U.S. natural gas futures fell 2% Friday to a fresh two-week low, the contract's eighth daily decline in a row, weighed by a combination of record production, high storage levels and low spot prices.
The dropoff accelerated after Thursday's surprise bearish EIA report, which said gas inventories rose by a larger than expected 97B cf, compared to a five-year-average increase of 85B cf/day; total inventories now stand at 3.626T cf, and a storage surplus that was 4.8% above the five-year average a week ago widened to 5.1%.
The Israel-Hamas war is raising uncertainty into all commodities, including energy futures; for natural gas, the fighting is disrupting supply coming out of the region at the same time winter cold temperatures descend on Europe.
Front-month Nymex natural gas (NG1:COM) for November delivery ended the week -10.4% at $2.899/MMBtu, its lowest settlement since October 2 and down 35% YTD.
ETFs: (NYSEARCA:UNG), (UGAZF), (BOIL), (KOLD), (UNL), (FCG)
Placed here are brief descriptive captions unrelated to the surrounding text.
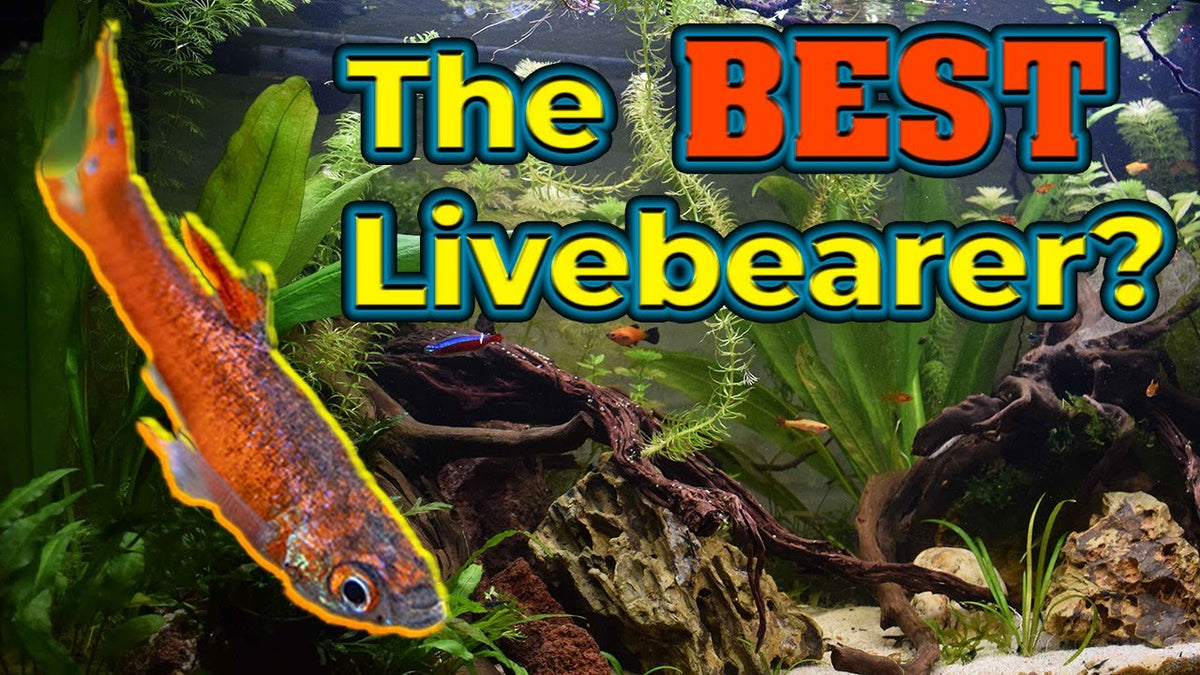Why Endler's Livebearers Are the BEST Fish for Beginners (Father Fish video)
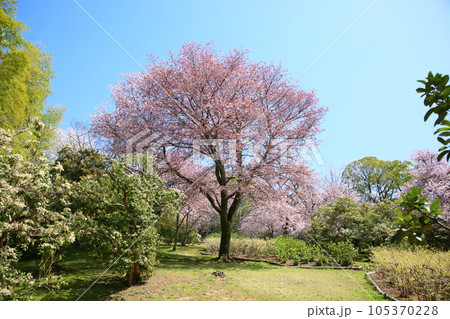 奈良九重桜 満開 奈良九重桜 満開 105370228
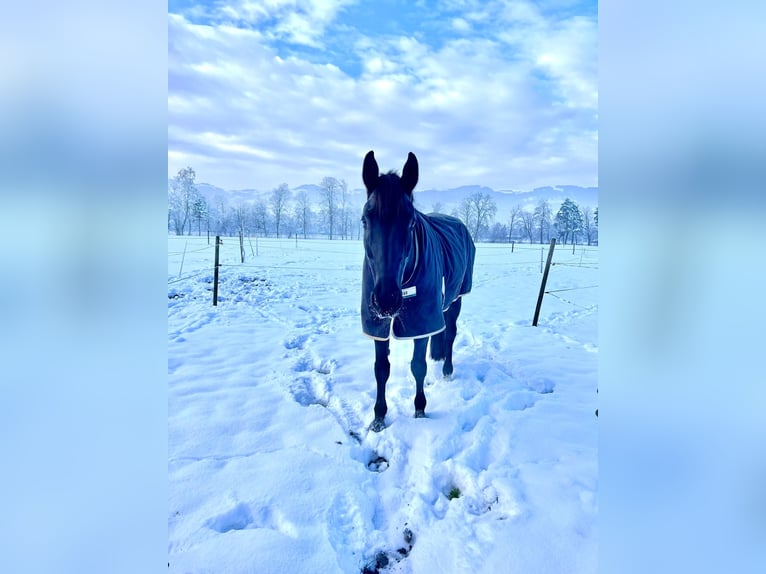 Baden Wuerttemberg Gelding 12 years 17,1 hh Black in Kriessern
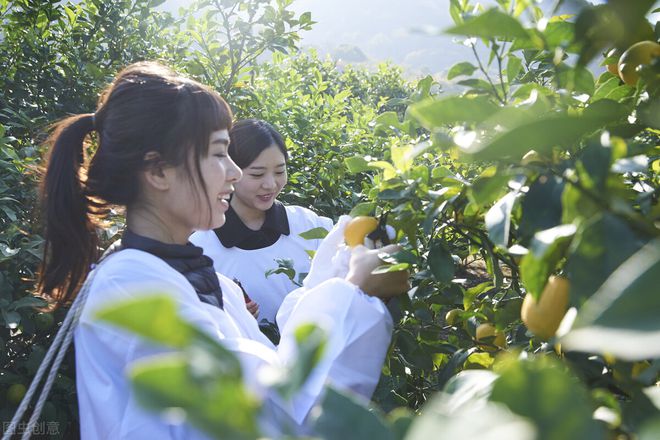 半岛彩票：水果行情低迷别傻了种果哪来的“降本增效”的捷径(图3)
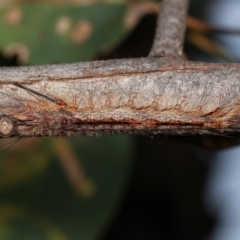 Lasiocampidae (family) immature at Bruce, ACT - 29 Dec 2020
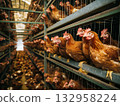 Chickens in cages line a long barn aisle. Rows of hens occupy stacked cages under amber lighting. 132958224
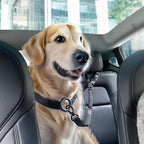 Spigen 2 in 1 Car Seat Belt Tether for Dogs (Headrest & Seatbelt Buckle) | High-Strength Heavy-Duty Strap | Adjustable Anti-Shock Bungee Leash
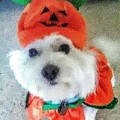 Really Halloween Photograph by Suzanne Berthier Really Halloween Photograph by Suzanne Berthier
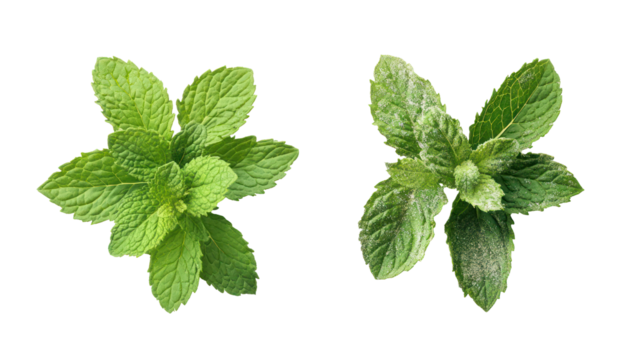 Two sprigs of fresh green mint isolated on transparent background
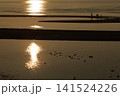 遠浅海岸の夕暮れ 141524226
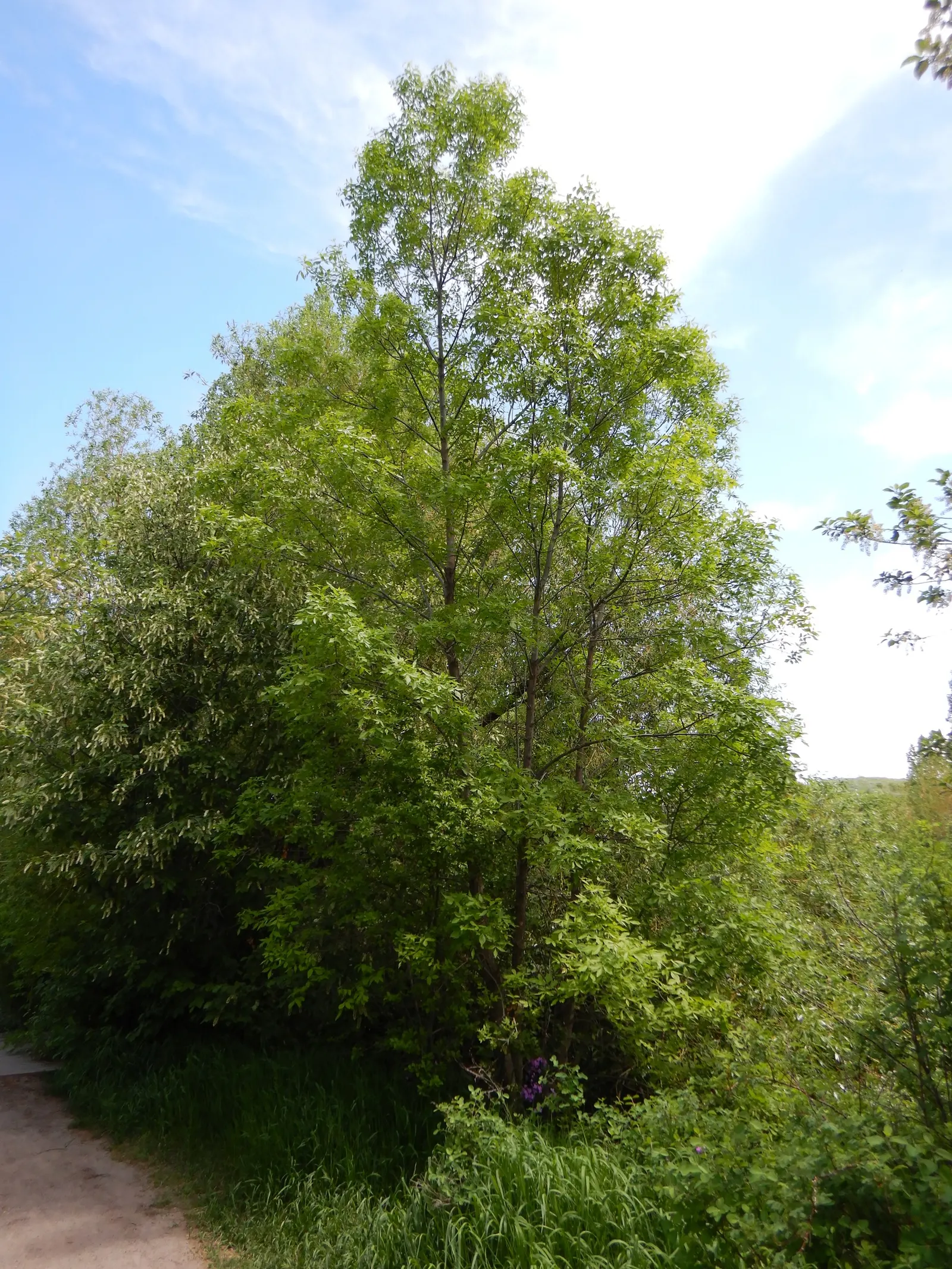 Summit Golden Ash (Fraxinus Pennsylvanica) — unfiltered sunlight per day.<br><br>As a landscape architect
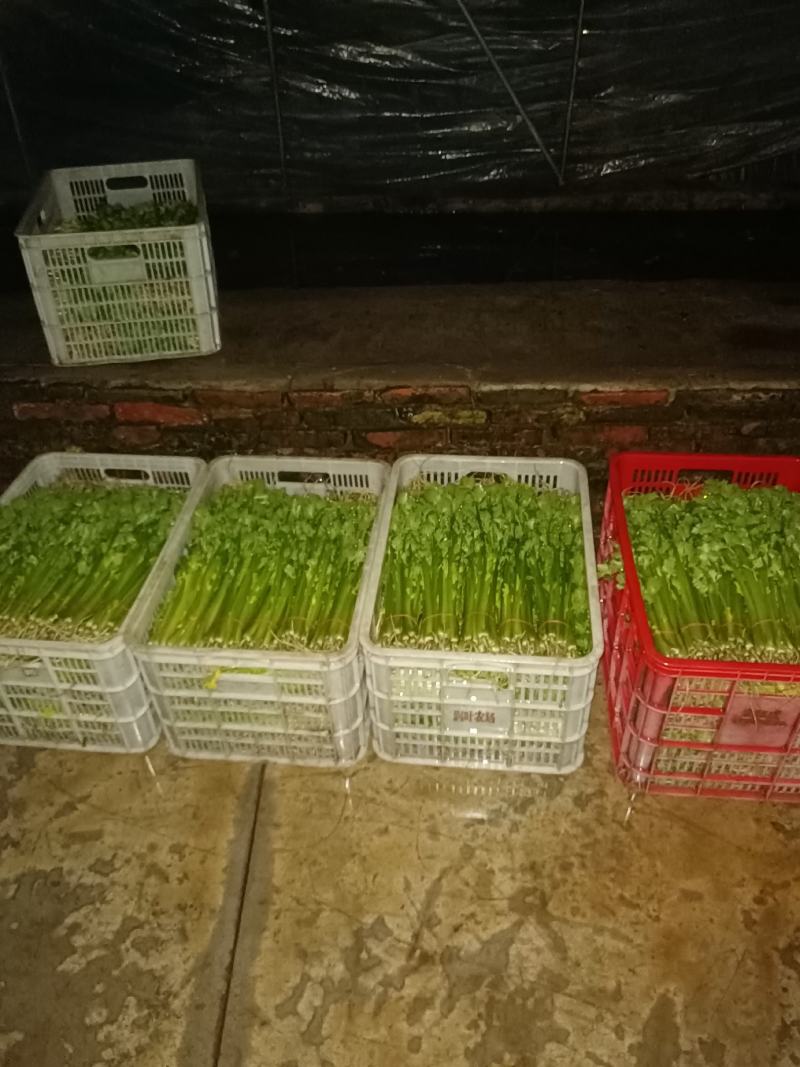 芹菜50cm以上四季西芹粗细适中，有光度，专门种芹菜茼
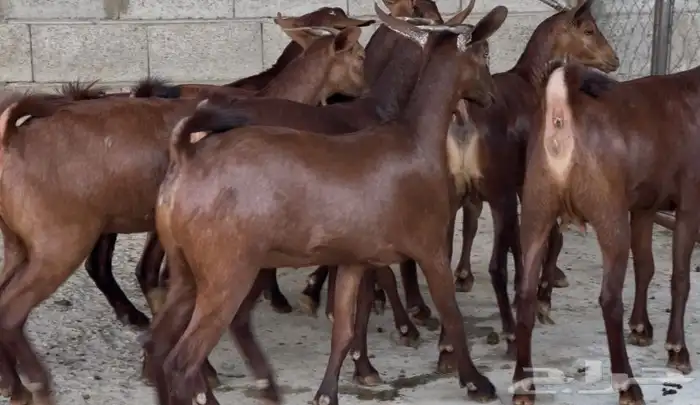 معزا دهم عدد 8 8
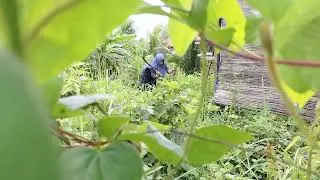 #mencari  #kayuapi di #kebun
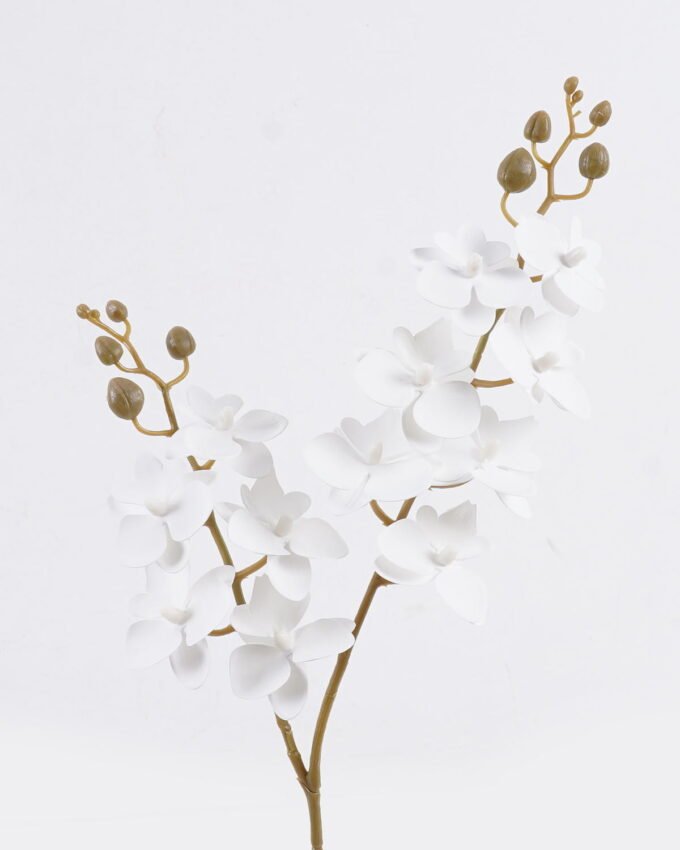 Artificial Flower Phalaenopsis 12 single stem GS-64923020R-RST-W3_1 Artificial Flower 15*62cm Phalaenopsis *12 single stem GS-64923020R-RST 2025Oct YeahFlower is one of Chinese leading OEM manufacturers and exporters , supplying the silk flowers, wholesale artificial trees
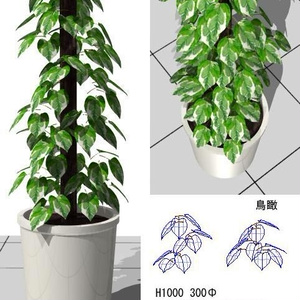 Vectorworks 3d ポトス鉢2 v10～v12.5/vw2014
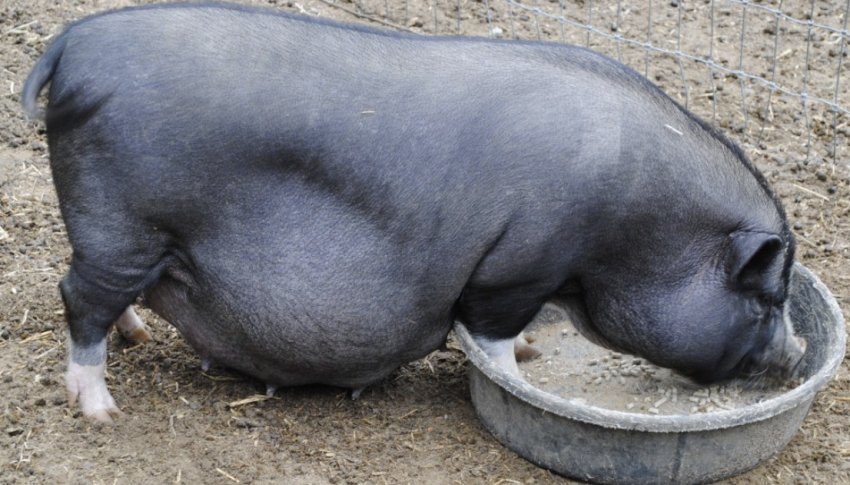 Вагітна свиня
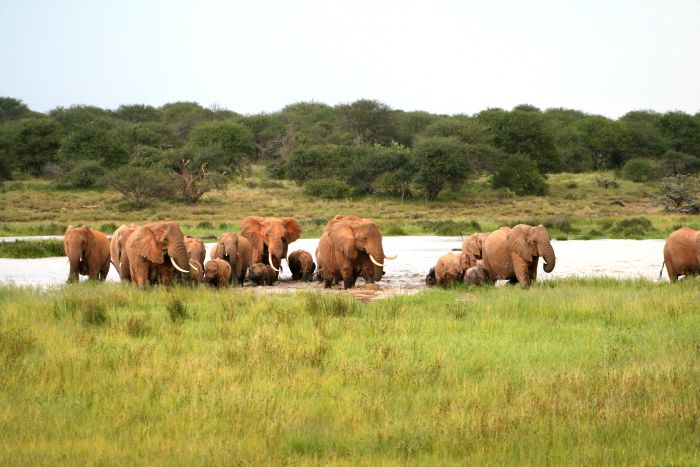 Laikipia Sosian Safari Lodge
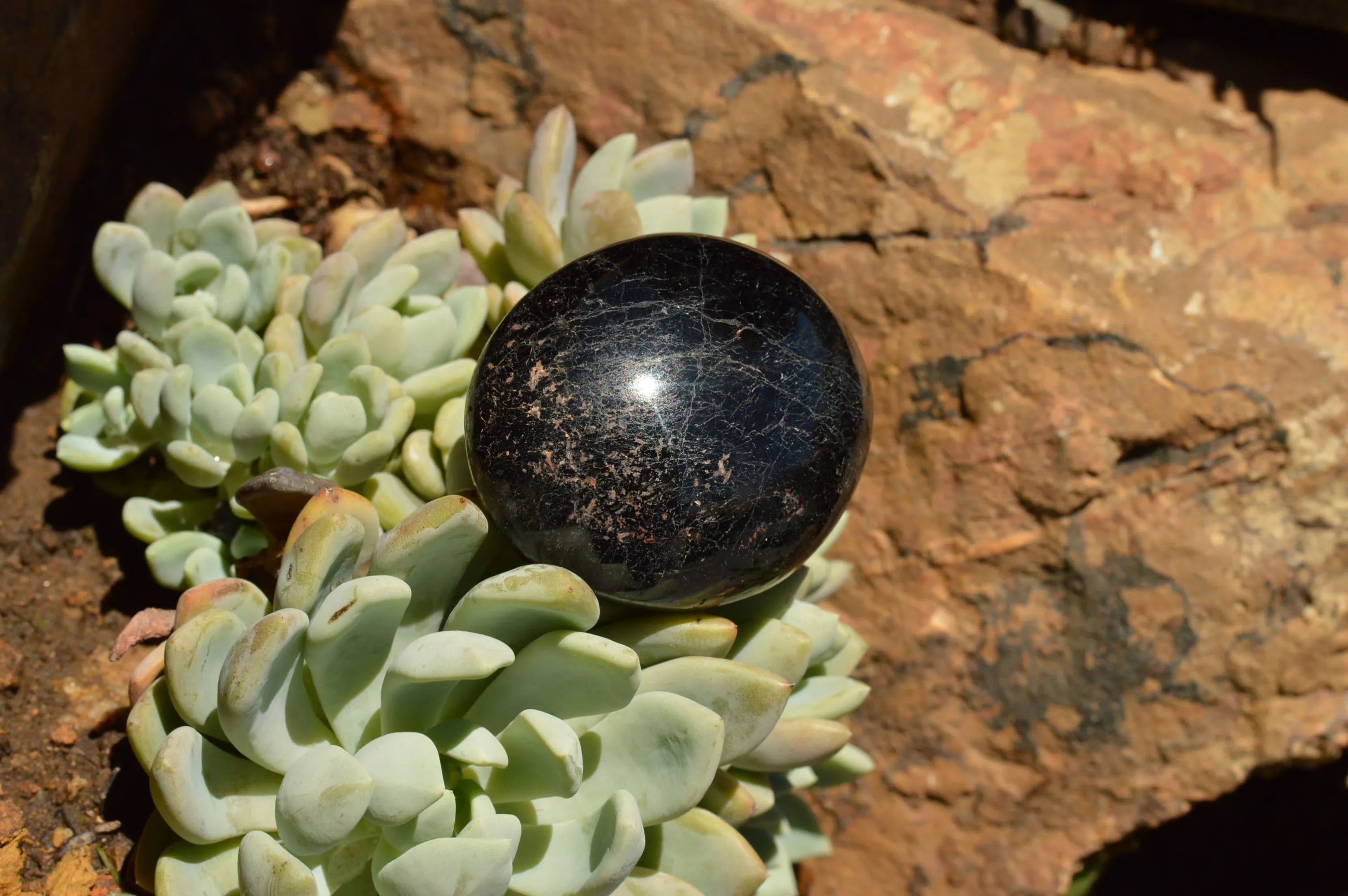 Polished Schorl Black Tourmaline Galet / Palm Stones x 12 From Madagascar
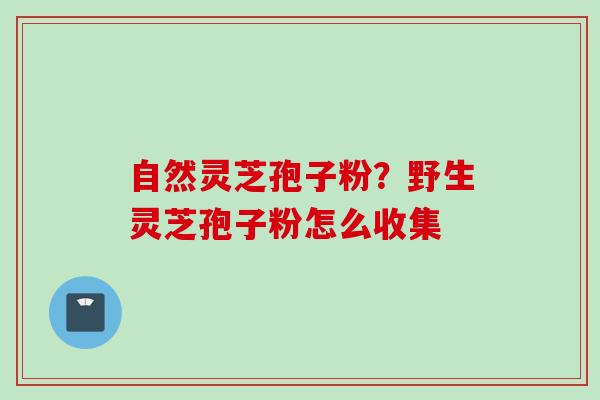 自然灵芝孢子粉？野生灵芝孢子粉怎么收集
Data provider LSEG said gas output in the Lower 48 U.S. states rose to an average of 103.6B cf/day so far in October - which would be a monthly record if the pace continues - up from 102.6B cf/day in September and a record high of 103.1B cf/day in July.
LSEG also sees U.S. gas demand, including exports, easing to 96.9B cf/day next week from 97.6B cf/day this week, with milder weather coming before soaring to 105B cf/day in two weeks once the weather turns seasonally colder.
Gas flows to the seven biggest U.S. LNG export plants rose to 13.6B cf/day so far in October with the return of Berkshire Hathaway Energy's Cove Point export plant in Maryland from a maintenance outage, up from 12.6B cf/day in September.